Stando agli ultimi dati relativi all’ambito di Città metropolitana, a fine settembre si contano 33.256 beneficiari destinati ad essere presi in carico dai centri per l’impiego del territorio per avviare l’iter che dovrebbe – almeno sulla carta – concludersi in un uno sbocco professionale. Per il momento, le persone effettivamente prese in carico sono soltanto 4.482 su una platea di 10.287 convocate dall’avvio del reddito di cittadinanza, lo scorso anno, ad oggi. Dei 4.482, circa la metà ha aderito al patto di servizio necessario per il ricollocamento lavorativo, mentre la restante parte ha potuto godere di una sorta di esonero temporaneo per motivi particolari, di cui il principale risulta il “carico di cura dei familiari”, altri ancora non rientrerebbero nemmeno nell’obbligo di sottoscrizione.
Passi l’emergenza sanitaria, che ha inevitabilmente bloccato il meccanismo delle convocazioni per l’avviamento al lavoro, resta comunque il fatto che sul bacino di competenza di Città metropolitana, non si arriva nemmeno a sfiorare la doppia cifra nelle percentuali delle persone che hanno abbandonato l’assistenza e sono diventate parte attiva all’interno del mondo del lavoro. Non tocca infatti nemmeno il 3% la percentuale degli occupati che sono passati da percettori del reddito di cittadinanza a lavoratori, un segnale evidente che qualcosa non funziona, tant’è che lo stesso Di Maio poco tempo fa aveva lanciato l’idea di un “tagliando” della misura per aggiustarne il tiro.

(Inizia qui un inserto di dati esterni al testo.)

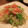 shinoBox's cooksnap of when they made 節約☆ヘルシー☆もやしと水菜の和え物.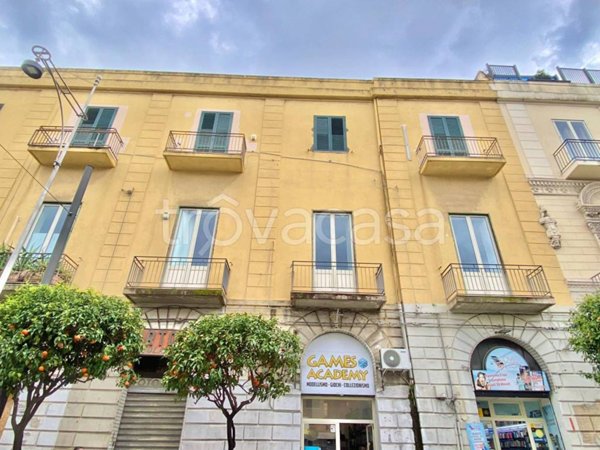 appartamento in vendita a Messina in zona Centro Storico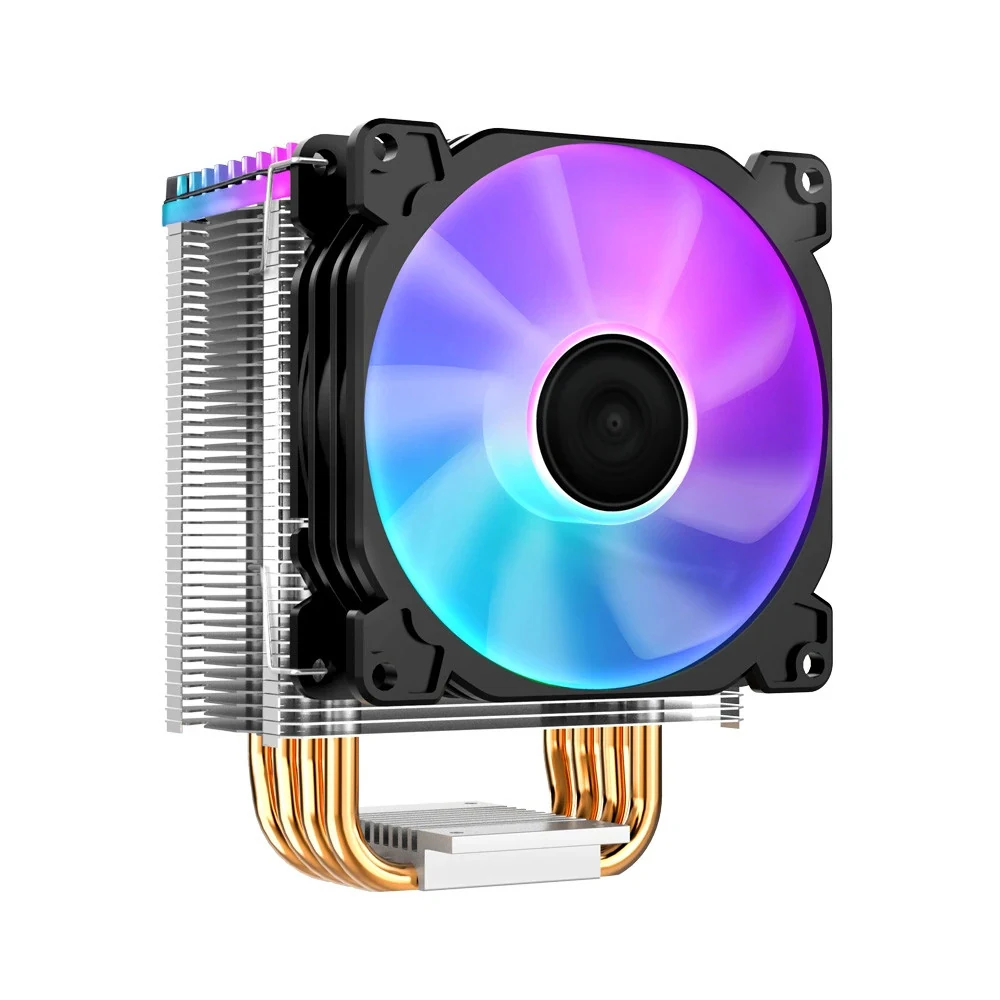 Tản nhiệt khí Jonsbo CR-1400 EVO Color Black - NEW
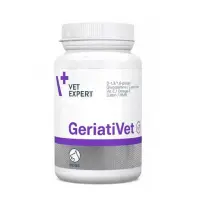 Supliment pentru caini GeriatiVet Small Breed 45 tablete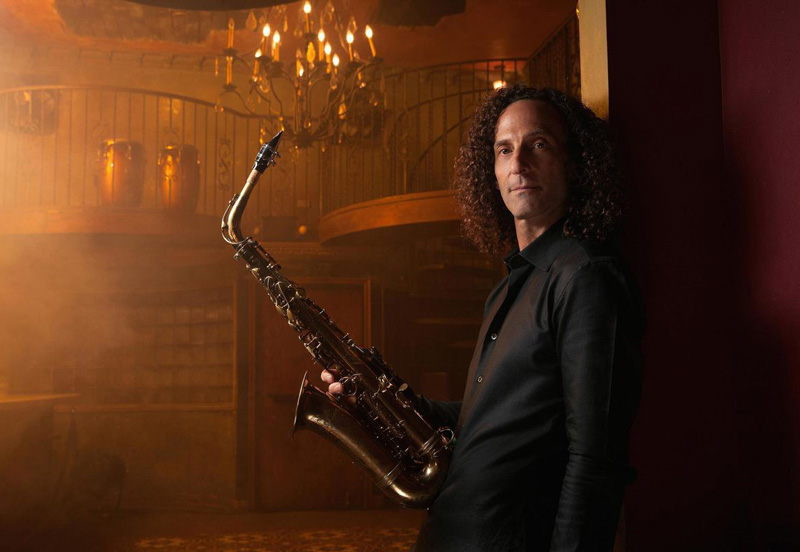 流行薩克斯世界十大名曲 流行薩克斯世界十大名曲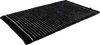 Rhomtuft Badteppich Lin – exklusives Wendemodell aus Baumwolle & Leinen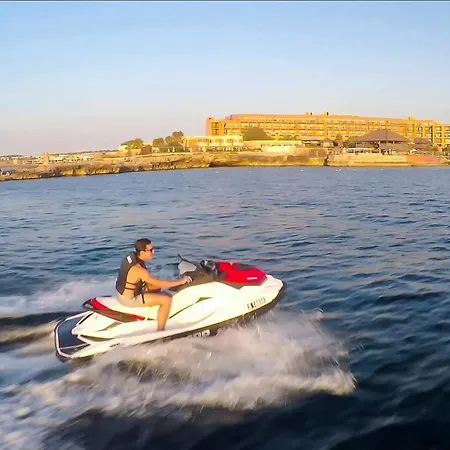 Hotel Ramla Bay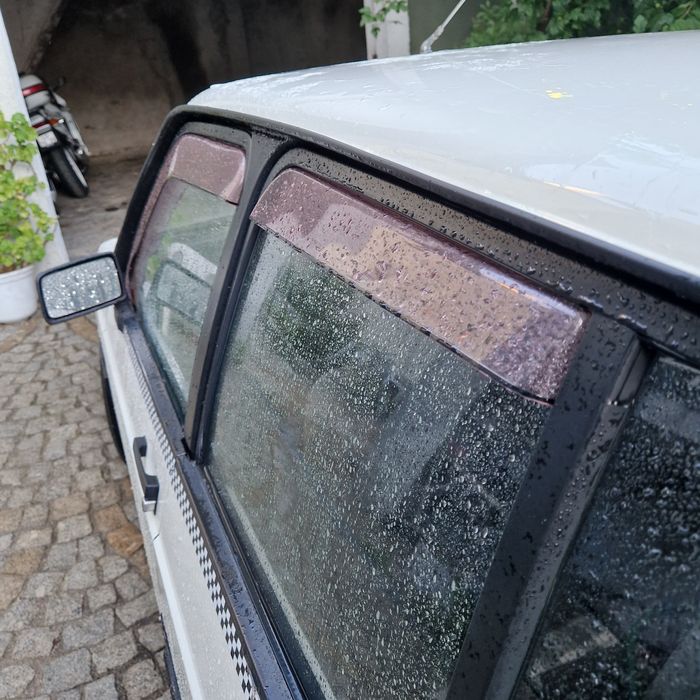 Citroën Visa II Super X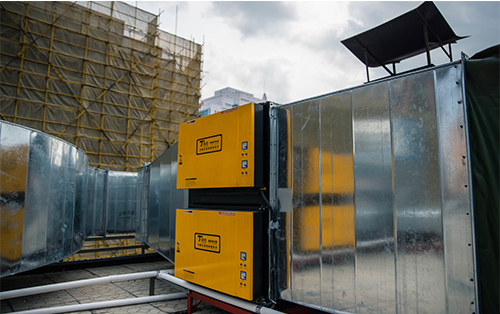 案例展示三 案例展示三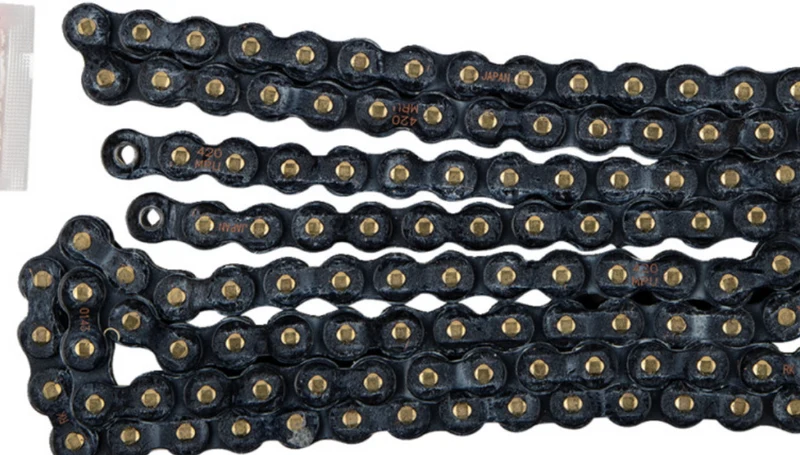 RK 420 MRU E-Moto Chain
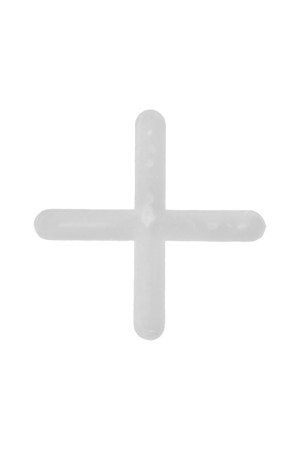 Крестики, 3.0 мм, для кладки плитки, 100 шт Matrix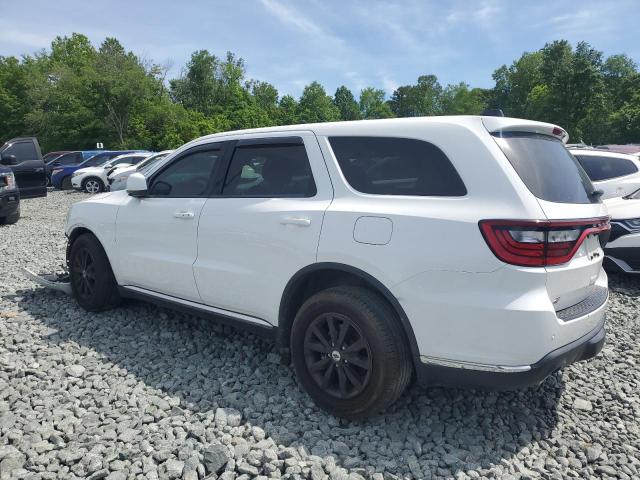 Vin: 1c4sdjft9lc309554, lot: 54742535, dodge durango ssv 20202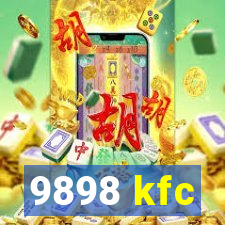 9898 kfc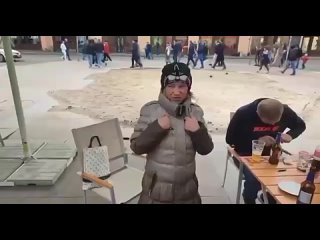 free если вы видите в сети руснявых диванных воинов то вот так они примерно выглядят в жизни вся россия в одном видео hd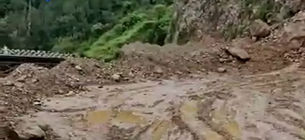बारिश की तबाही: शिमला जोन में सबसे अधिक 121 सड़कें बंद, कुल 128 सड़कें अभी खोलनी बाकी....
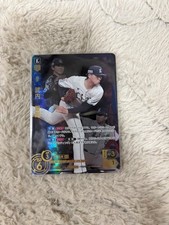 Natsuki Takeuchi, Saitama Seibu Lions Dream Order SEC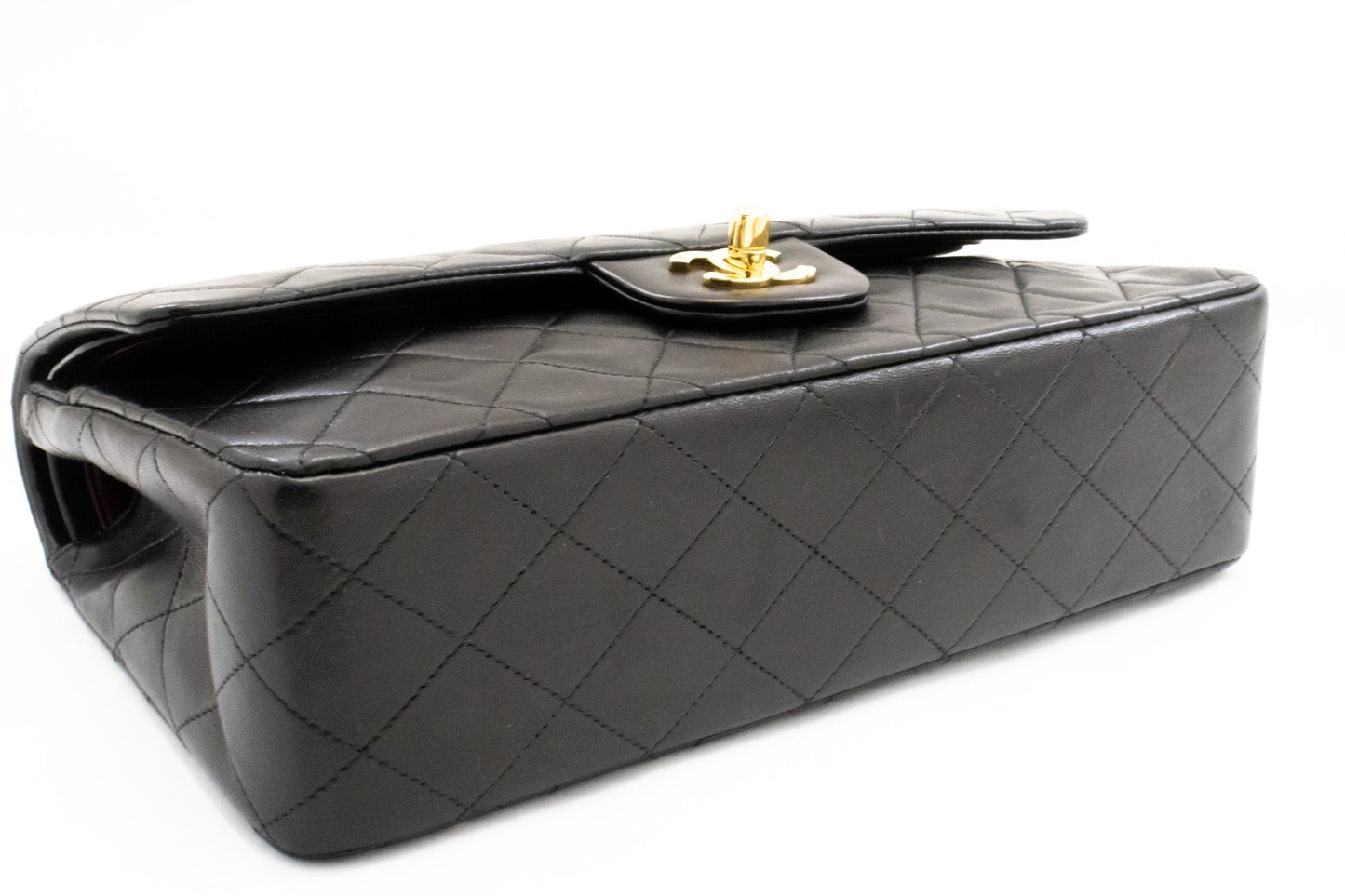 Chanel Double flap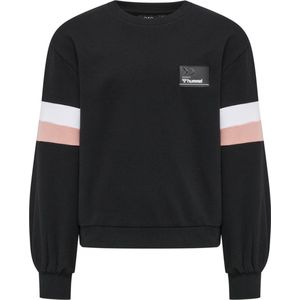Hummel Kinder Mille Sweatshirt Black-122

Misura che non decolla nemmeno per quanto riguarda le persone a carico dei Comuni per lo svolgimento dei cosiddetti PUC, i progetti utili alla collettività. Milano tenterà di risollevare il livello attraverso un progetto che prevede il coinvolgimento di circa 200 percettori della misura a sostegno della povertà, per rilevare la temperatura a dipendenti e utenza agli ingressi di alcune delle sedi dei servizi sociali. Un progetto pilota che sarebbe dovuto partire entro la fine del mese di ottobre per poi introdurre gradualmente i Puc, per i quali è in corso un dialogo tra Palazzo Marino, Comuni di dimensioni analoghe e lo stesso ministero del Lavoro e delle Politiche sociali, finalizzato a definire una linea comune che consenta un’attuazione quanto più possibile strutturata dei progetti. In questo particolare momento, però, l’introduzione delle nuove misure di contenimento dei contagi potrebbe far slittare ancora più in là l’avviamento del progetto.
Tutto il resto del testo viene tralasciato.